President Barack Obama finally took to the press room last Wednesday and announced that the United States would act against ISIL after months of reluctance acknowledging the threat posed by ISIL.

In his statement, the president announced that the United States would engage in a “comprehensive and sustained counter-terrorism strategy,” to, “degrade and ultimately destroy ISIL.”

Though it would be inaccurate to say that ISIL presents a direct and immediate national security threat, the group does threaten national interests in the region, including a stable Iraq.

Moreover, if the group manages to hold the territory it has gained, there is real potential for a new country to emerge, guided by strict Shariah law and a dictatorial Caliph. If such a state should emerge, the United

States’ position in the Middle East would become even more tenuous, and the region could be further destabilized. It could, in effect, be the creation of another Iran.

The president’s solution to this threat is purposefully limited. Obama made the extraction of American troops from Iraq and Afghanistan the cornerstone of his foreign policy for six years, and is reluctant again to commit American ground forces to a war in the Middle East.

He noted in his speech that, “American forces will not have a combat mission — we will not get dragged into another ground war in Iraq.”

Instead, the president intends to make use of America’s immense airpower to provide effective support for Iraqi and Syrian rebel troops on the ground by, “hitting ISIL targets as Iraqi forces go on offense.”

This is a solid strategy, and demonstrates the immense power the United States still has abroad. Yet, it is not enough, and the president knows that.

In an effort to be proactive against the ISIL threat while still avoiding an all-out ground war, Obama has instigated a sort of proxy war.

He has deployed roughly 1,600 troops to Iraq as a method of supporting and training the Iraqi army, and passed through Congress a bill to arm the so-called “moderate” Syrian rebel group Free Syrian Army.

This bill, passed a few days ago, allocated $500 million to “train and equip appropriately vetted elements of the moderate Syrian armed opposition” in order to combat the rapid spread of ISIL.

Yet many are unsure of what constitutes “moderate” or how they’ll be vetted. It is possible that some of the weapons and funds given to the FSA might end up in the hands of more extreme terrorist groups in the region, or even ISIL itself.

The biggest problem is that, despite its name, the Free Syrian Army is not a real army. It is a conglomeration of several different armed groups in an ever-shifting network.

Many of them, including the Islamic Front, have ties to or direct relations with terrorist groups, including al-Qaeda, while others such as the Syrian Revolutionaries’ Front are largely secular.
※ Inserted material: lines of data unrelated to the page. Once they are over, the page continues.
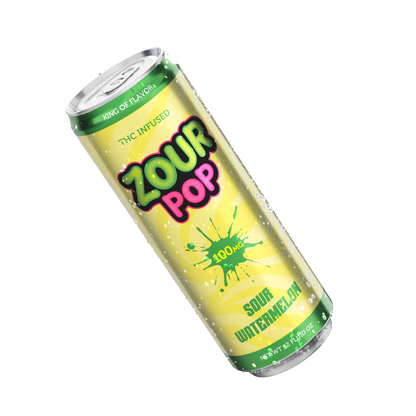Zour Pop Sour Watermelon 100mg hemp-derived THC beverage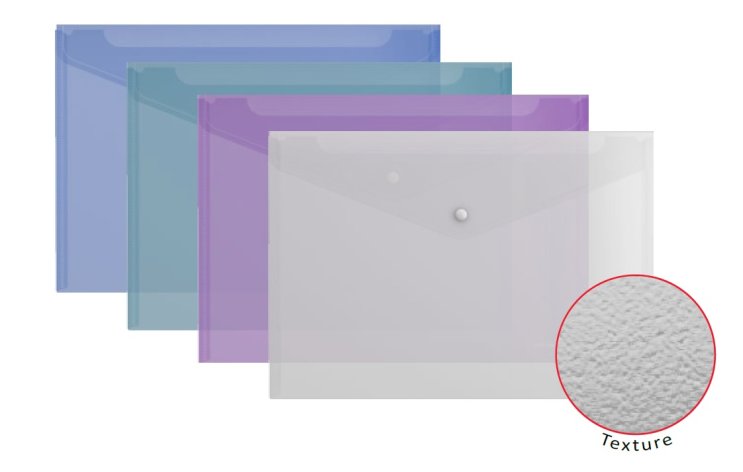 Папка-конверт на кнопке, полупрозрачная FIZZY VIVID ENVELOPE (А4) Папка-конверт на кнопке, полупрозрачная FIZZY VIVID ENVELOPE (А4)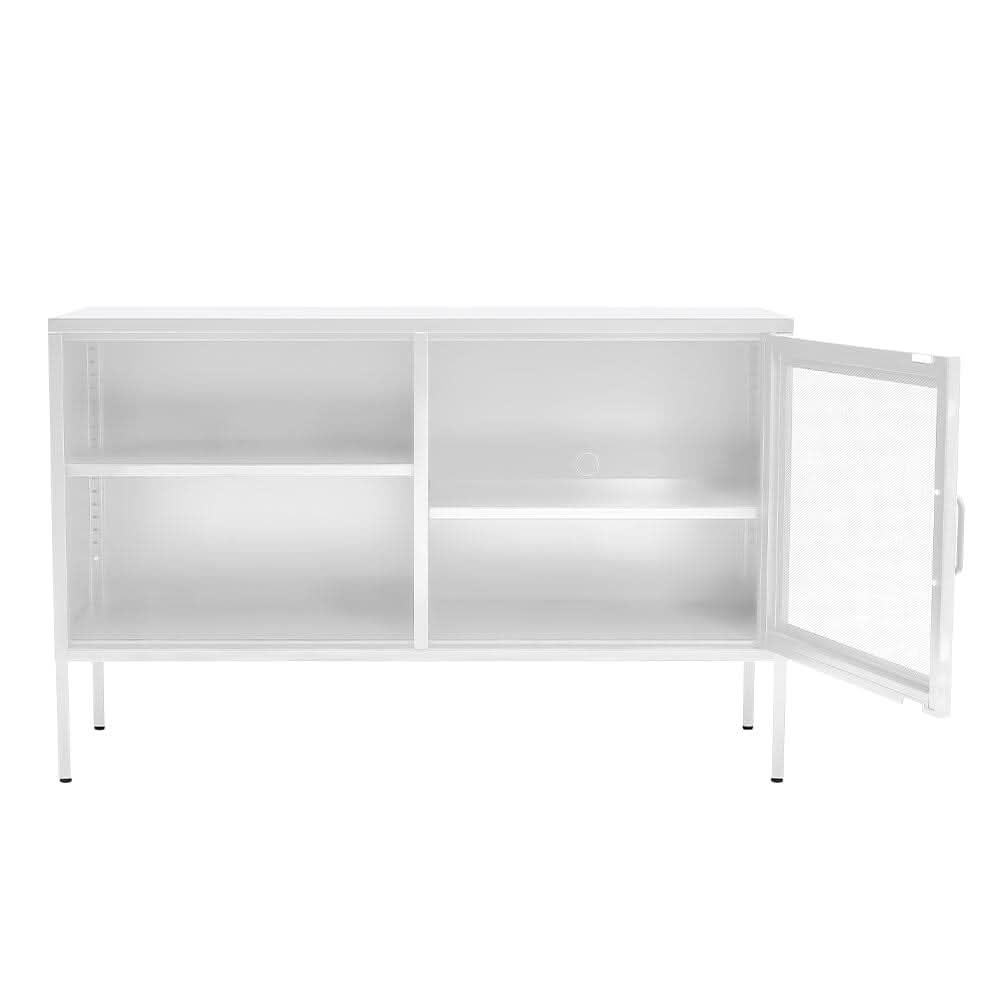 Freestanding Steel File Filing Cabinet with Open Shelves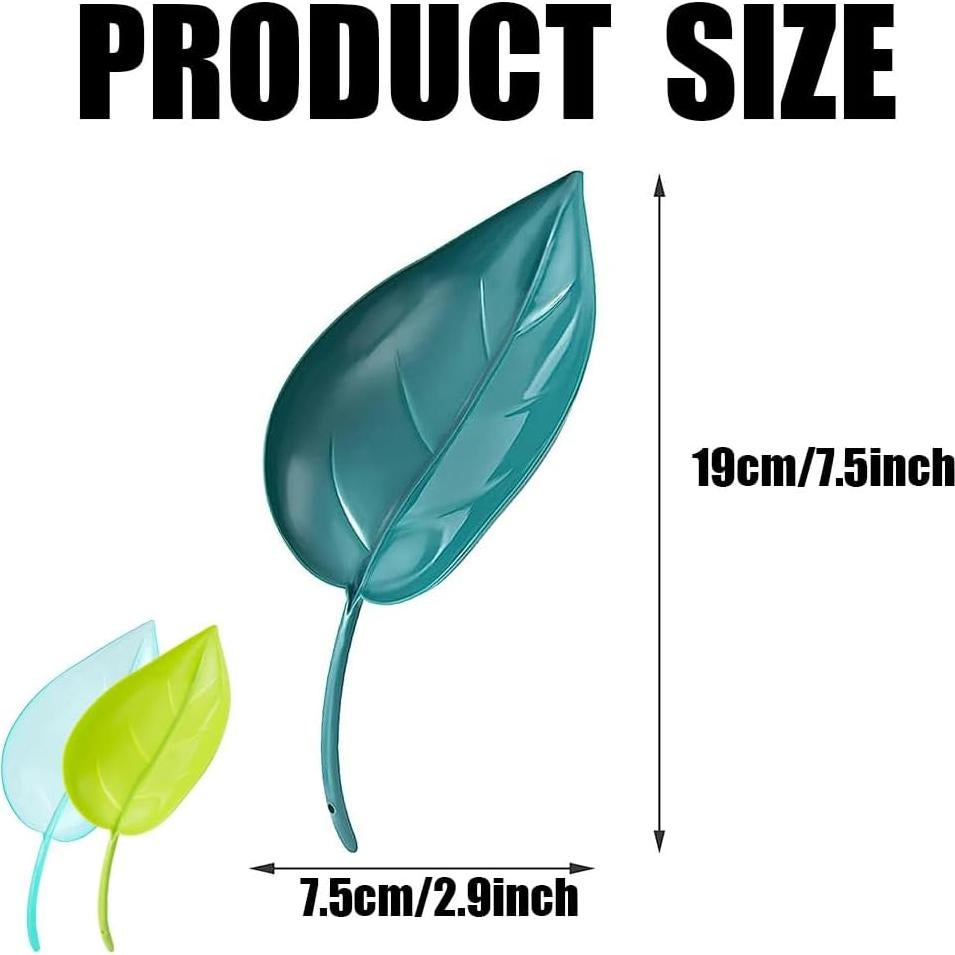 12 Embudos de Riego en Forma de Hoja NADUSEP - Plástico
The vetting process would be, at the minimum, arduous, and by no stretch of the imagination infallible.

Despite the risks, Obama’s plan is at least a start. ISIL presents a much larger threat than the possibility of al-Qaeda acquiring more weapons.

While al-Qaeda seems content to work from the shadows in a nebulous network of nefariousness, ISIL is grabbing land in a bid to form a true state of its own, a state that would menace peace and progress in the Middle East.

It is in the United States’ best interest to nip this problem in the bud, before it spirals out of control.

There are two primary reason why this is the case.

Firstly, ISIL threatens the peace and security of a region, which is constantly on the edge of chaos. The Middle East is a hotbed of religious and political strife, but the vast majority of the countries in it manage to keep at least a tenuous peace with their neighbors.

ISIL would not abide by this desire for peace. Its goal is to create a “caliphate” across the Middle East, a kingdom of Allah guided by the Quaran and Shariah law.

Secondly, if ISIL managed to form a real country, they would have a springboard from which to launch an anti-American and anti-Western coalition.

They could and would fund a myriad of terrorist groups in order to bring down the West, and it would be far harder for the US to combat them.

These threats, though not both imminent, present good reason for the US to take action, perhaps even more action than Obama has committed to.

Just a few days ago, Pentagon officials noted that they were open to sending troops in on a combat mission, and chairman of the Joint Chiefs of Staff Gen. Martin Dempsey said that, “If we reach the point where I believe our advisers should accompany Iraqi troops on attacks against specific ISIL targets, I will recommend that to the President.”

Although Obama shouldn’t jump the gun on troop deployment, he should keep an open mind to the possibility of its necessity. His fear of engaging in another Middle-Eastern war is keeping him from acknowledging the risk posed by ISIL, and the steps that might be necessary to combat it.

In order to truly, “degrade and ultimately destroy ISIL,” Obama will have to open his mind to a broader range of possibilities.